The UK Defence Science and Technology Laboratory (Dstl) has funded maritime technology group Sonardyne and software house SeeByte to develop technology to enhance and extend the future operational capability of autonomous and remotely operated systems in challenging battlespace domains.
The collaboration, which will involve demonstrations using assets from the Royal Navy's Project Wilton mine countermeasures (MCM) capability, represents the second phase of the UK Defence and Security Accelerator‘s (DASA‘s) Autonomy in Challenging Environments competition, and builds on the work both Sonardyne and SeeByte undertook in Phase 1. The activity will culminate in a series of in-water demonstrations at facilities in the UK.
Under Phase 2 of Autonomy in Challenging Environments, Sonardyne's advanced underwater positioning system will be teamed with adaptive, communication-aware, robotic behaviour developed by SeeByte for its Neptune Autonomy Software. The project will enable optimal uncrewed underwater vehicle distribution for improved subsea communications and navigation in a range of challenging environments.
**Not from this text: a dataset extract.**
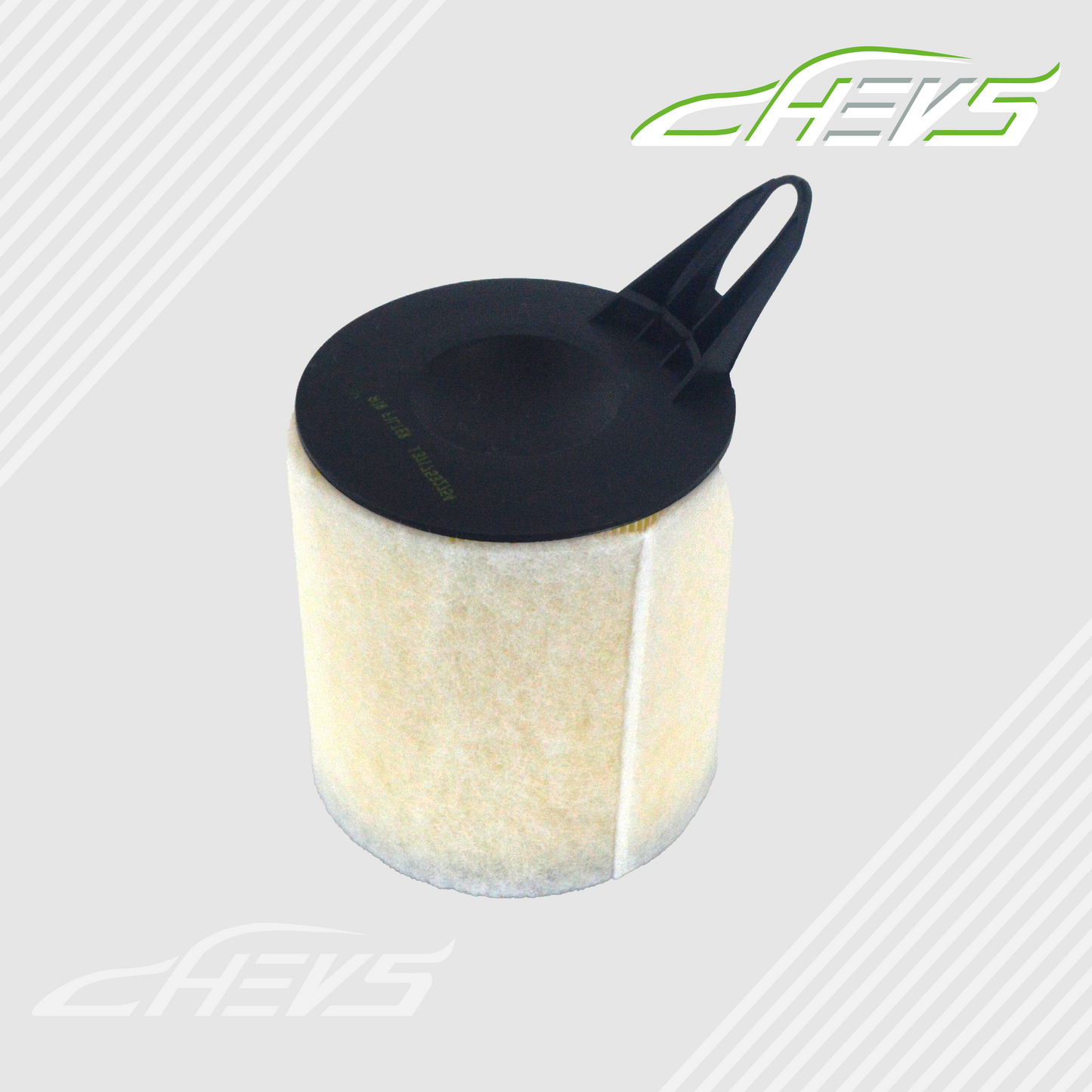 Luftfilter für BMW 1er 3er Touring (E91) 3 Limousine (E90) X1 (E84)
Neptune has been designed to enable uncrewed maritime systems to operate in highly complex, variable, and communications-limited environments. Automatic target-recognition imagery snippets will be transferred acoustically using SeeByte's novel semantic compression software.
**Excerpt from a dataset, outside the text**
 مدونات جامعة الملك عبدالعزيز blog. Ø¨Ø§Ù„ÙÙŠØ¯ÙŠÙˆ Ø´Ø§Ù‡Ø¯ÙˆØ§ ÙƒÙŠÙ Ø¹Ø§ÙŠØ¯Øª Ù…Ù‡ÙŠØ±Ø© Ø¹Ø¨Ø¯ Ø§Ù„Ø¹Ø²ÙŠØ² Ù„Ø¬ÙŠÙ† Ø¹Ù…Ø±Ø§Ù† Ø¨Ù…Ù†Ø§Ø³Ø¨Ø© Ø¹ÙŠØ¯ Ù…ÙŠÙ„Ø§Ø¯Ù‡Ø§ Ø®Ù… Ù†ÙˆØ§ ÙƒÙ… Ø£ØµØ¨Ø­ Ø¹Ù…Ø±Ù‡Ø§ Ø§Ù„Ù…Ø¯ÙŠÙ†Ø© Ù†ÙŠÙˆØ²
As part of the project, Sonardyne and SeeByte will be using surface and underwater autonomous systems from Project Wilton, based at HM Naval Base, Clyde. Achieving initial operating capability in 2020, Project Wilton delivers a portable route survey capability, based on maritime autonomous systems, for operations north of the Dee-Humber line.
Sonardyne will install a Mini-Ranger 2 underwater positioning system onboard Project Wilton's ARCIMS uncrewed surface vehicle RNMB Harrier , and AvTrak 6 Nano telemetry and tracking transceivers to Project Wilton's Iver 3 autonomous underwater vehicles. These will be managed by SeeByte's autonomous networked acoustic communication system.